Le technicien a expliqué ne pas comprendre comment un joueur pouvait se séparer d'un objet à la valeur symbolique aussi forte. À ses yeux, ce trophée représente l'aboutissement suprême d'une carrière de footballeur et une page de l'histoire du football français. Un tel bien devrait être conservé, chéri et transmis aux générations suivantes, plutôt que de rejoindre les mains d'un acheteur. Pour lui, rien ne peut justifier ce sacrifice, quelle que soit la situation personnelle du joueur. L'ancien entraîneur a d'ailleurs insisté sur le caractère irremplaçable d'un tel souvenir, qu'aucune somme d'argent ne pourrait racheter.

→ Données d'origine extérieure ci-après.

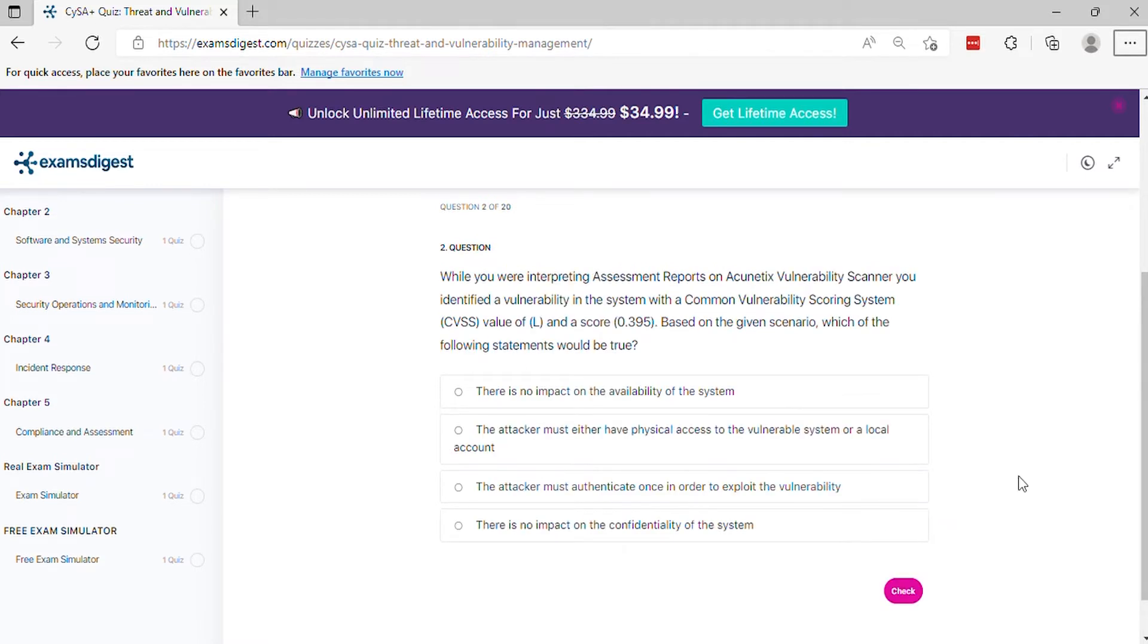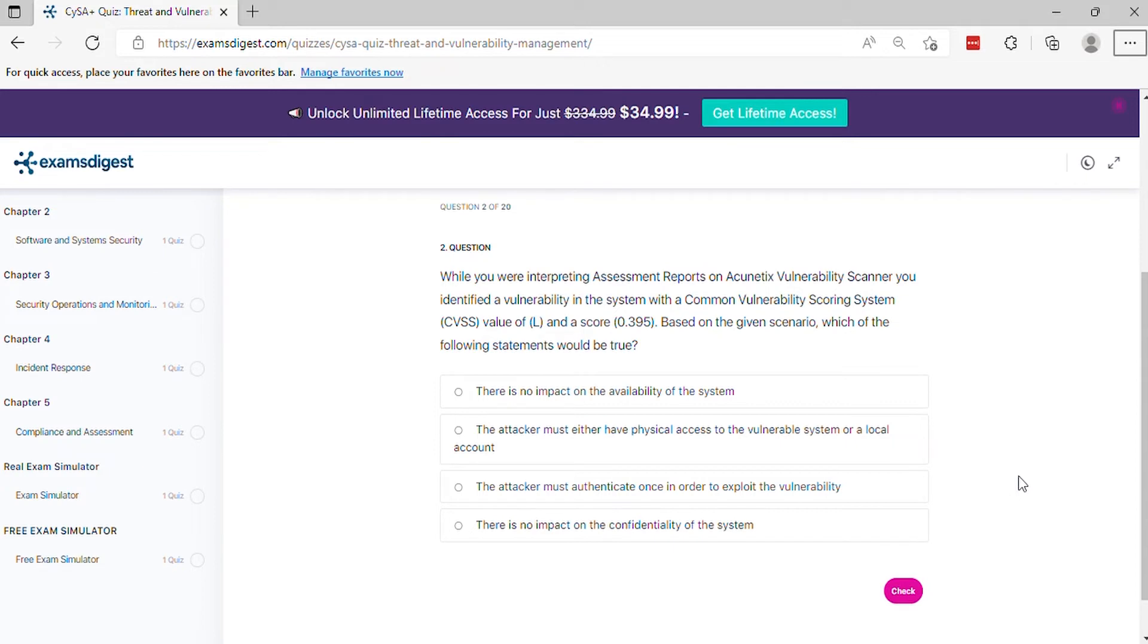Question 2: While you were interpreting assessment reports on Acunetix vulnerability scanner, you identified a vulnerability in the system with a Common Vulnerability Scoring System (CVSS) value of L and a score of 0.395. Based on the given scenario, which of the following statements would be true?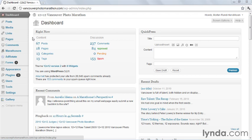To show you what I mean, here's a website we built for the 12x12 Vancouver Photo Marathon. It's a photo contest in Vancouver. In that site, we needed a way of organizing information about the participants, or marathoners as we call them.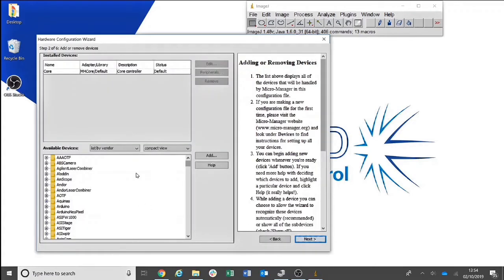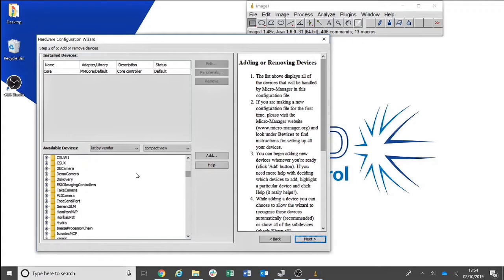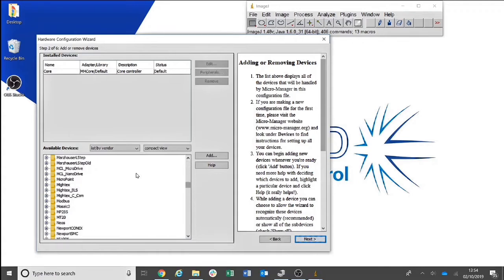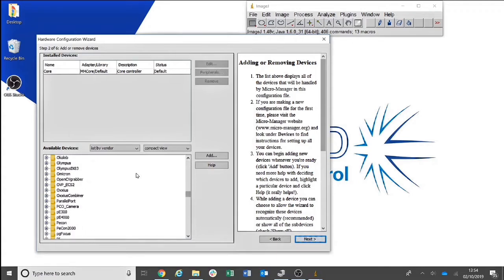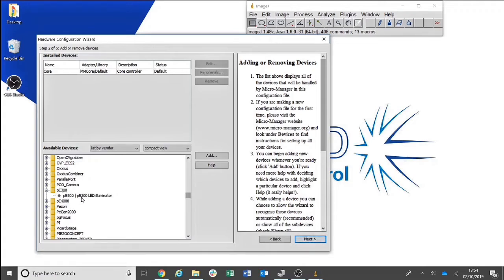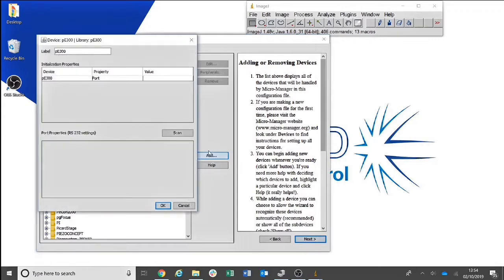Here you will scroll down the list of available devices until you find the correct CoolLED light source. In this case, we will be adding the PE300. Select the light source and click Add.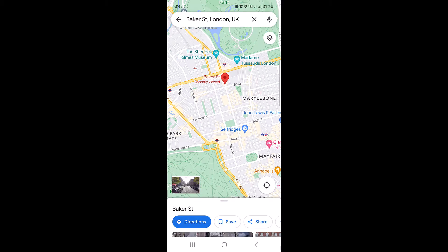In this video I will show you how to turn on satellite mode in Google Maps. If you are curious about how to get a bird's eye view of your favorite places, stay tuned because we will walk you through the simple steps to activate satellite mode.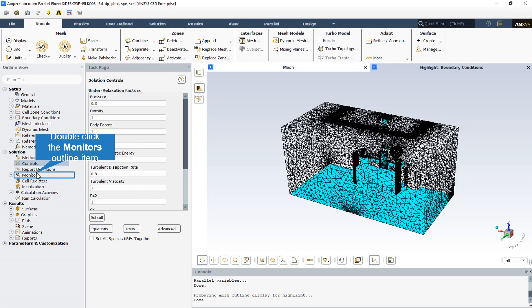Setting under-relaxation factors: the pressure-based solver uses under-relaxation of equations to control the update of computed variables at each iteration. In ANSYS Fluent, the default under-relaxation parameters for all variables are set to values that are near optimal for the largest possible number of cases. These values are suitable for many problems, but for some particularly non-linear problems — for example, some turbulent flows or high Rayleigh number natural convection problems — it is prudent to reduce the under-relaxation factors initially.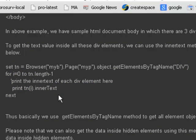So this is how get elements by tag name is used to get all the elements with the given tag in QTP. Thank you.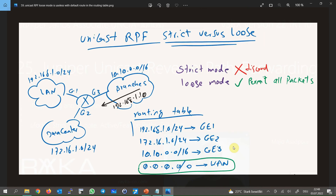Unicast RPF loose mode will permit all packets if there is a default route in the routing table, since the default route will match every packet with any source IP address. In other words, Unicast RPF loose mode is essentially useless when there is a default route in the routing table — though loose mode can still discard packets with a source address pointing to the discard interface.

Benjamin Mendy comptait parmi les joueurs sacrés champions du monde avec les Bleus à l'été 2018. Ce soir-là, à Moscou, l'équipe de France avait dominé la Croatie en finale et décroché sa deuxième étoile, la première depuis le sacre de 1998. Le latéral gauche évoluait alors à Manchester City, au sommet de sa carrière, après des débuts prometteurs au Havre puis un passage à l'Olympique de Marseille et à l'AS Monaco. Il partageait le vestiaire d'une génération dorée, portée par des joueurs comme Griezmann, Mbappé ou Pogba. Vendre une telle distinction est un geste extrêmement rare de la part d'un champion du monde.
La suite de son parcours a été nettement plus compliquée. Sa carrière a été interrompue par une longue procédure judiciaire au terme de laquelle il a été acquitté, après plusieurs saisons passées loin des terrains. Pendant cette période, il a notamment cessé de percevoir son salaire de Manchester City, ce qui a lourdement pesé sur ses finances. Même après son acquittement, le joueur a dû composer avec les conséquences de cette mise à l'écart, tant sur le plan sportif que financier. Il est revenu au football en rejoignant le FC Lorient, où il a tenté de relancer sa carrière, sans jamais effacer les années perdues.
C'est dans ce contexte que s'inscrit la vente de son trophée mondial, une décision que Pascal Dupraz refuse de cautionner. Réputé pour son franc-parler et ses formules chocs, l'ancien entraîneur du TFC, passé par d'autres bancs de Ligue 1, s'est toujours distingué par sa liberté de ton. Sa sortie dominicale a été largement relayée et a relancé le débat sur la fragilité de la situation des joueurs une fois leur carrière interrompue.
Au-delà du cas personnel de Benjamin Mendy, cette affaire pose une question plus large: que reste-t-il, après la gloire, aux sportifs confrontés à une chute brutale? Pour Pascal Dupraz, la réponse est sans appel: vendre son trophée de champion du monde, c'est se couper de sa propre histoire. Un geste qu'il dit ne pouvoir ni comprendre ni excuser.